Exercise Log for 08/29/09. The big muddy.
Saturday (Day 135)
Swam (1:33 approx)
Temp: 86º F
RPE: 8
Weight: 175
First open water swim. First race start, first swim event ever. Lots of firsts! Did the Tallchief Open Water Challenge. I did a 2 mile swim. It took me a little bit less time that I thought it would, but still a long time – about 1:33.
It was a lot of fun. My proudest moment is when I swam into the second slowest guy on the course. I think by that time he and I are the only guys still left in the lake. Anyway, I’m heading toward the buoy, he’s heading away from it, and somehow, in the midst of this not small lake, thousands of yards of open water all around us, we collide and head butt! Go figure.
Some of the things that I learned are that it is important to practice sighting – maintaining your swim pace while raising your head to look for buoys and/or obstacles. Never even occurred to me ’til I was talking to Denise, the race director, the Monday before the event. I also learned that the fastest swimmers are usually the ones that swim in the straightest lines, and that it’s disorienting when you swim into a canoe or kayak who’s helpfully trying to guide you back into the race path and, finally, that if you’re dead last, you get your own personal kayaker.
The other thing I learned is not to panic or freak out. Faced with all that brown water and no swim lanes, at the start I really didn’t think I was going to be able to do it. First time in over a year that I’ve been in a lake to actually swim and that was through an event sponsored by TAT. Then I did freak out and quietly bailed after about a couple of hundred yards out into the bay where we were swimming. This time I just focused on counting strokes and that seemed to help a lot.

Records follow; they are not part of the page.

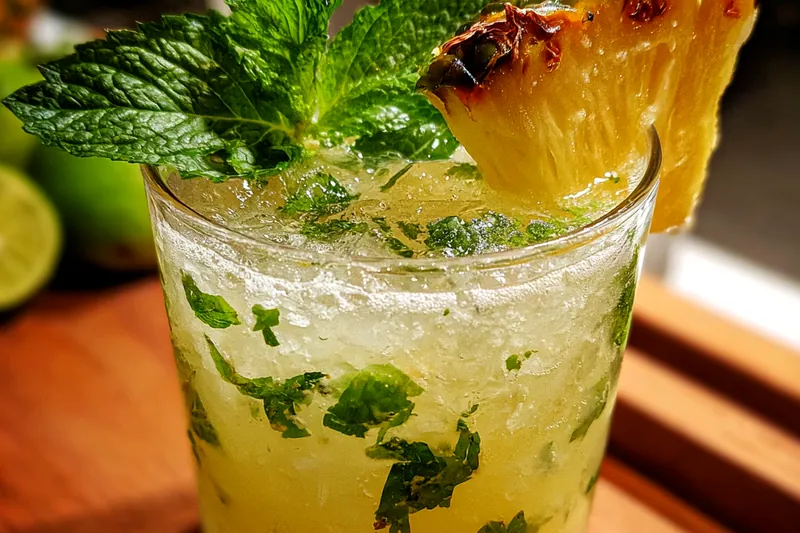 Hands gently muddling fresh mint leaves with simple syrup in tall glasses, showing the proper technique for releasing oils without over-bruising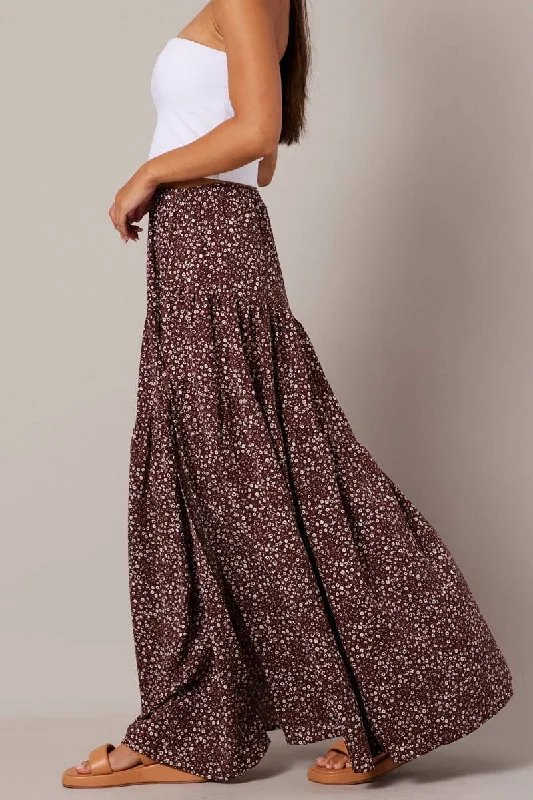 Brown Ditsy Maxi Skirt High Rise Tiered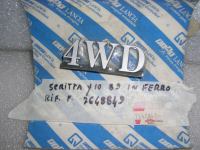 Scritta Anteriore 4WD in Metallo Autobianchi Y10 '89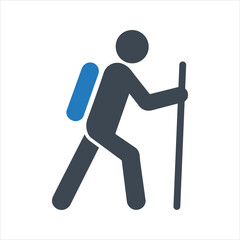 Hiking icon. Walking man. Trail icon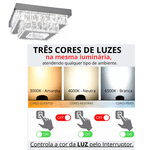 Lustre Plafon Cristal de LED Sobrepor 30x30cm Brilhante 8993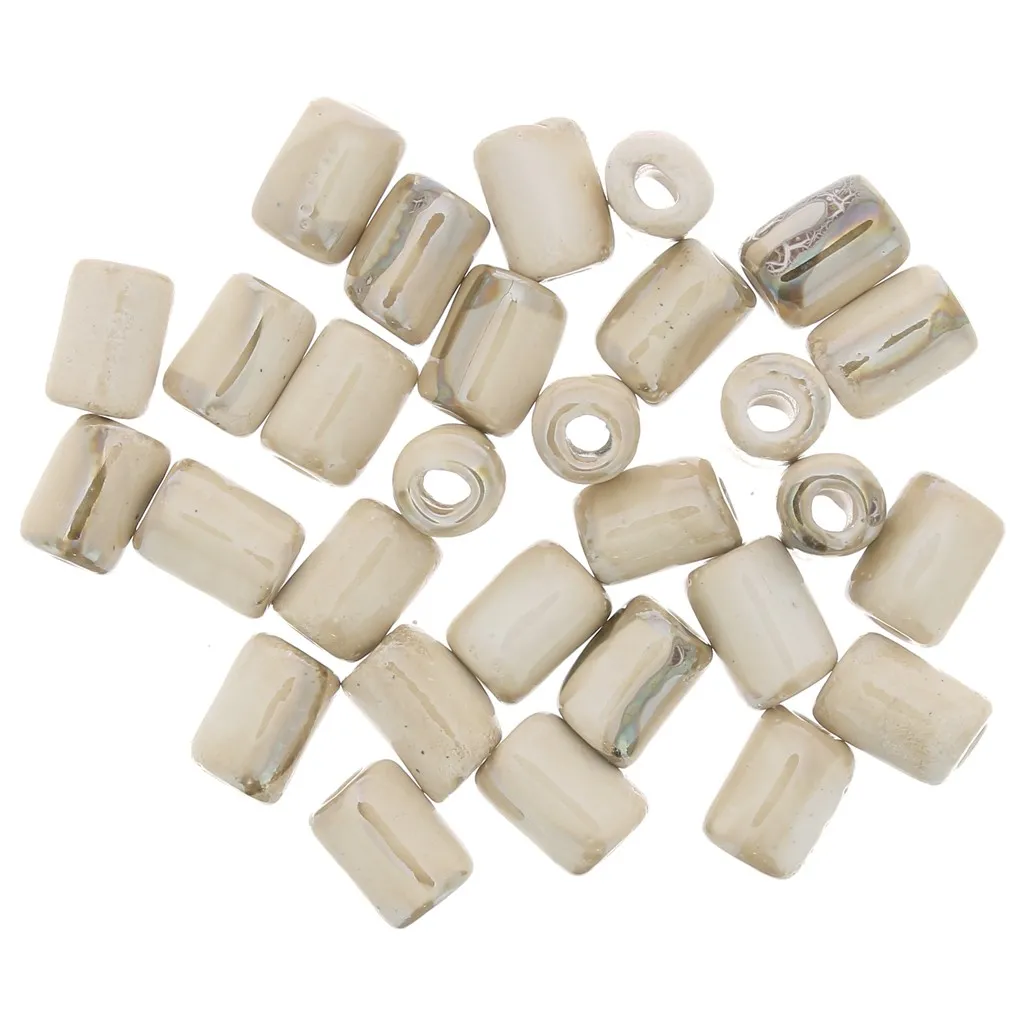 Perline a tubo in ceramica stile Heishi 7x5 mm - beige marmorizzato iridescente x5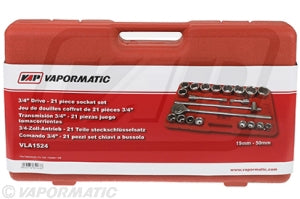 3/4” drive, 21 piece, 6 point socket set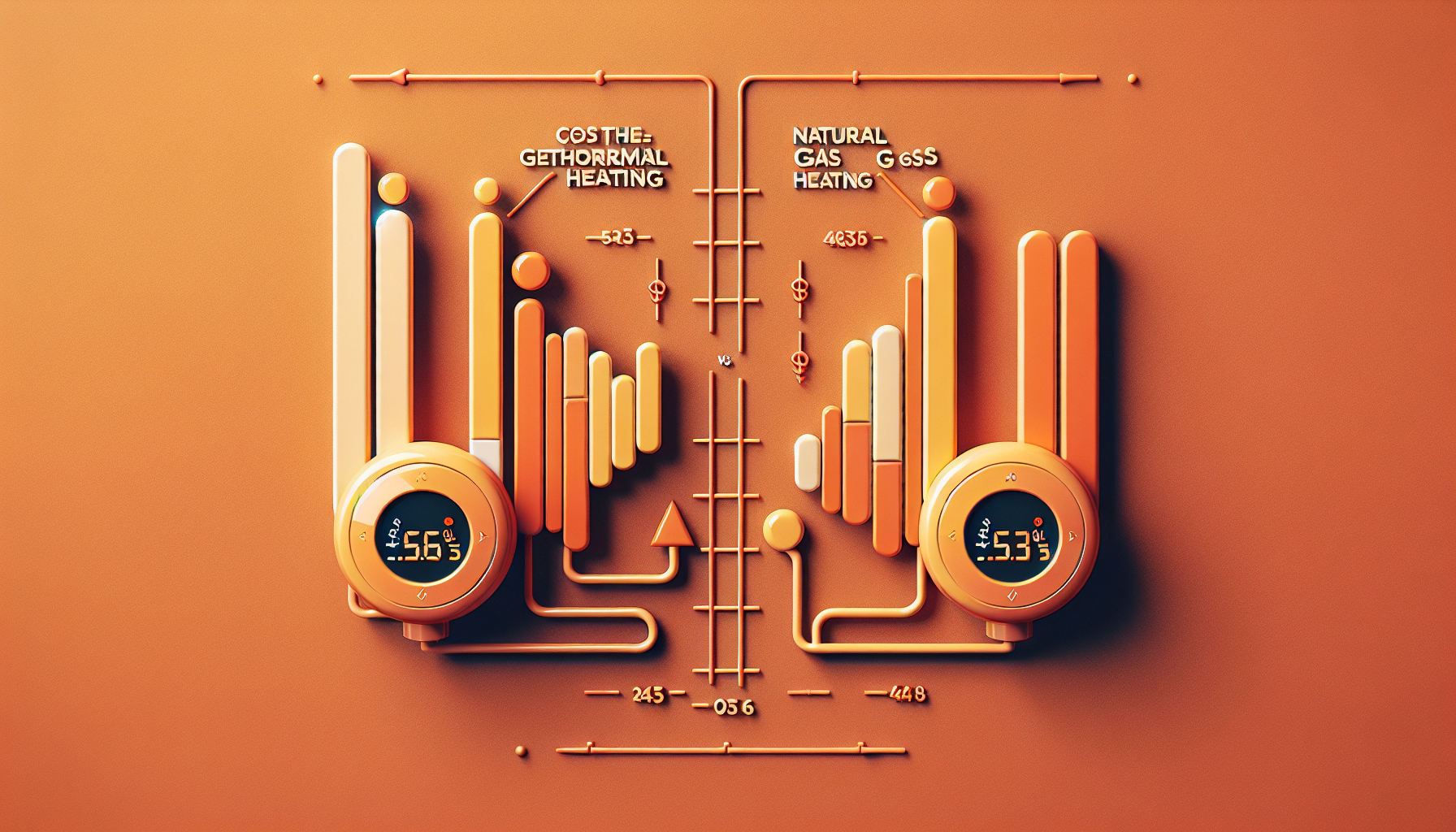 The image features a stylized, infographic-like comparison between geothermal heating and natural gas heating. Two thermostats are shown with corresponding temperatures, cost figures, and efficiency lines against an orange background.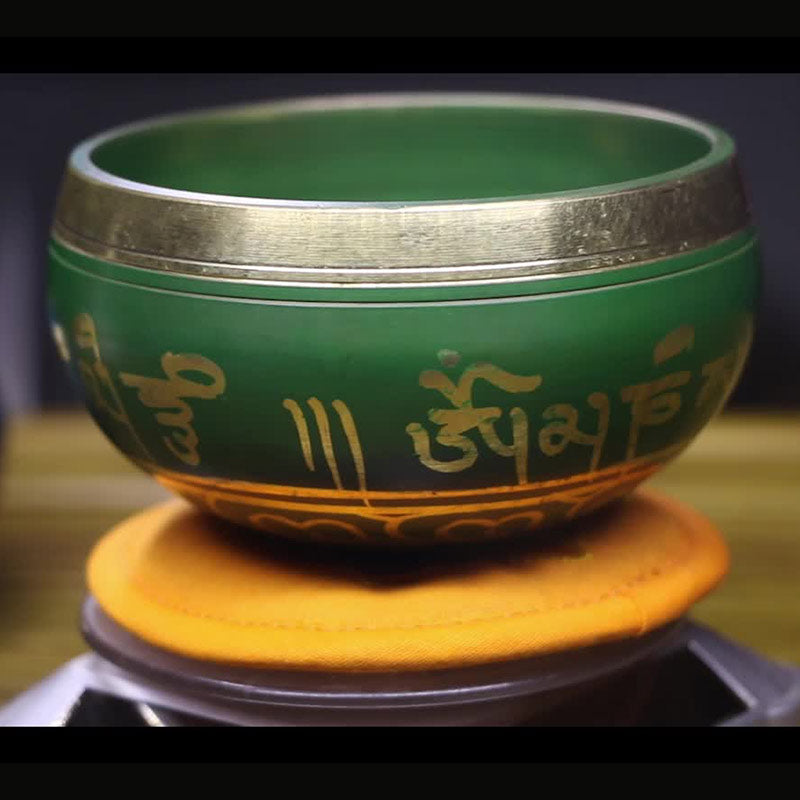 Cuenco con sonido de meditación tibetana, Buddha Stones , hecho a mano, para curación y atención plena, protección, juego de cuencos para cantar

Anyway, I’d really recommend the event. Denise did a great job, the event was well organized, the course was well marked and laid out, the water was calm and protected making for great swim conditions, and the kayakers/canoers out on the course were great – especially the guy in the white kayak – whom I will forever after think of as my own personal kayaker. Once it was clear I was dead last he stayed with me the whole way and gave me encouragement the whole time “doing great, almost home, there it is, etc.” If he should somehow read this, thanks. I tended to use him to mark my path, I tried to stay about ten feet off his side and that seemed to keep my position.
Talked to some swimmers from Ft. Worth and they actually had practice sessions for doing the buoys stroke stroke, roll onto your back as you turn, roll back as you straighten out. Oh, and man, the hamburgers were delicious too!